"Nobody Lives Without Love" is a song by Scottish singer-songwriter Eddi Reader, released in 1995 from the Batman Forever soundtrack. It was written by Tonio K and Larry Klein, and produced by Trevor Horn. "Nobody Lives Without Love" was released as a single in the UK and Europe, and reached No. 84 on the UK Singles Chart.

Critical reception
In a review of the Batman Forever soundtrack, John Everson of the Southtown Star described the song as "the album's sweetest ballad" which "sounds more like Everything but the Girl" than Tracey Thorn's contribution to the soundtrack.
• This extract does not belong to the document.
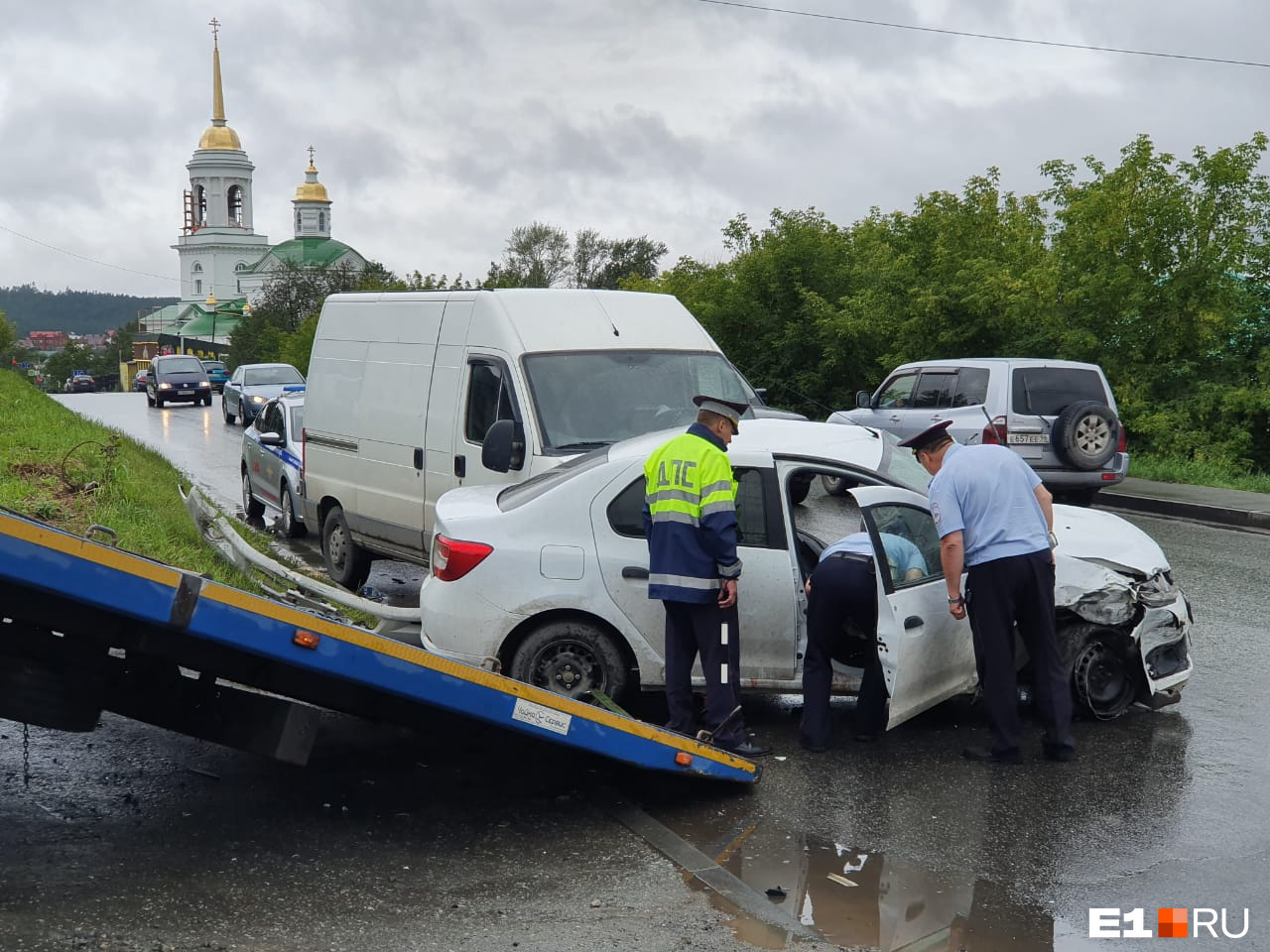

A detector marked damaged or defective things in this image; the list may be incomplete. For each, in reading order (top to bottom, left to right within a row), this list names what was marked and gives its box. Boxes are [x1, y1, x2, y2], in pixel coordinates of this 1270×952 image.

damaged white sedan [419, 420, 1189, 726]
Neil Davidson of The Canadian Press commented: "Despite the bang-bang nature of this action flick, some of the best stuff is lo-fi and low-volume. The best examples are Eddi Reader's "Nobody Lives Without Love" and Mazzy Star's "Tell Me Now"".
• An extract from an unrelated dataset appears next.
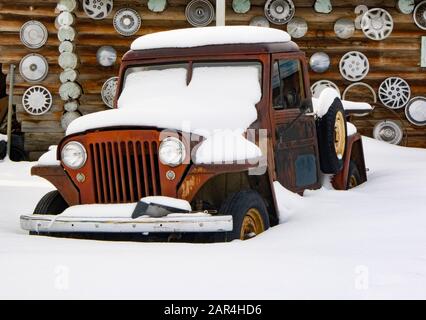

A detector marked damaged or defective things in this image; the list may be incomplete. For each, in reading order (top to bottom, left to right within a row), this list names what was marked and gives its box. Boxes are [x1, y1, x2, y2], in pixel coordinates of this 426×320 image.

rusty vintage truck [20, 27, 370, 241] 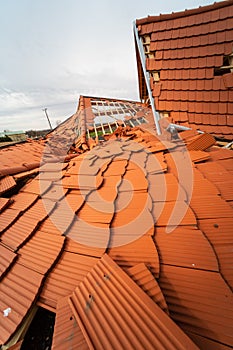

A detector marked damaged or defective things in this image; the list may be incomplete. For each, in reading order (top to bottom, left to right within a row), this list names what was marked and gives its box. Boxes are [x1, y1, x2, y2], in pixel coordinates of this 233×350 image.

damaged roof [135, 0, 233, 139]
Scott Hinkley Jr. of the Gannett News Service wrote: "Aside from the big names [on the soundtrack], there is another song that could see heavy radio play. "Nobody Lives Without Love" by Eddi Reader is a ballad that rivals Brandy's contribution ("Where Are You Now?"). If the rest of her material is as impressive as her voice, Reader could get as big a boost from this record as the movie itself". Brian S. Maloney of the Santa Cruz Sentinel felt that "a compelling case can be made for Eddi Reader's ballad".

Track listing
CD single
"Nobody Lives Without Love" - 5:05
"Wonderful Lie" - 4:32
"Red Face Big Sky" - 4:10

CD single (UK promo)
"Nobody Lives Without Love" (Edit) - 4:09

Personnel
Nobody Lives Without Love
 Eddi Reader - vocals
 George De Angelis - keyboards, programming
 Greg Bone - guitars
 Roy Dodds - drums

Production
 Trevor Horn - producer of "Nobody Lives Without Love"
 Tim Weidner - engineer and mixing on "Nobody Lives Without Love"
 Greg Penny - producer of "Wonderful Lie" and "Red Face Big Sky"

Charts

References

1995 songs
1995 singles
Blanco y Negro Records singles
Song recordings produced by Trevor Horn
Songs written by Larry Klein
Batman (1989 film series)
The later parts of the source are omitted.